В повести Платонов открывает специфичную «градовскую школу философии» (выражение Л. Шубина), и раскрыта эта философия особым языком, на котором только и возможно писать о том, о чем он пишет. Это язык всепроникающей иронии, перифразировка шаблонов, выражающих узость и тупость мышления градовских философов и практиков бюрократизма. Речь каждого из персонажей невозможно передать на нормированном языке - потеряется весь смысл «выражения».

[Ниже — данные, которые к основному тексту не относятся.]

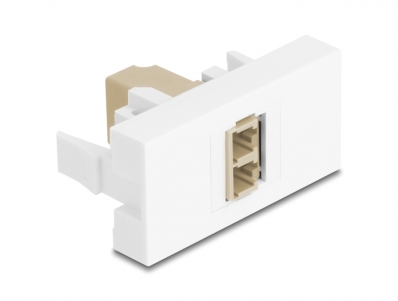 Delock Easy 45 Module LC Duplex female to LC Duplex female white / beige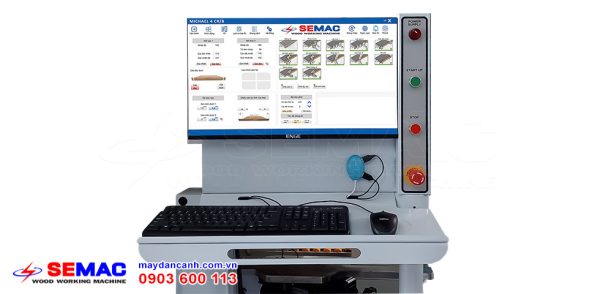 Giao diện điều khiển máy dán cạnh cửa đi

Платонов и в дальнейшем предстает как мастер характеристики второстепенных персонажей - достаточно двух - трех реплик, чтобы создать яркий образ. Выразительной в этом плане является «речь» счетовода Смачнева: «Ничто меня не берет - ни музыка, ни пение, ни вера - а водка меня берет! Значит, душа у меня такая твердая, только ядовитое вещество она одобряет… Ничего духовного я не признаю, то - буржуазный обман». Такие «твердые души» и населяют Градов, создавая свою философию жизни, выражая представление о ее ценностях. Приведем несколько выражений из текста: «Любимые братья в революции», «противоречивые утомленные глаза», «в сердце моем дышит орел, а в голове сияет звезда гармонии», «сиречь для всякого героя есть своя стерва» и т. д. Пейзажей в «Городе Градове» практически нет, и это согласуется с мыслью Шмакова: «Самый худший враг порядка и гармонии… - это природа. Всегда в ней что - то случается…»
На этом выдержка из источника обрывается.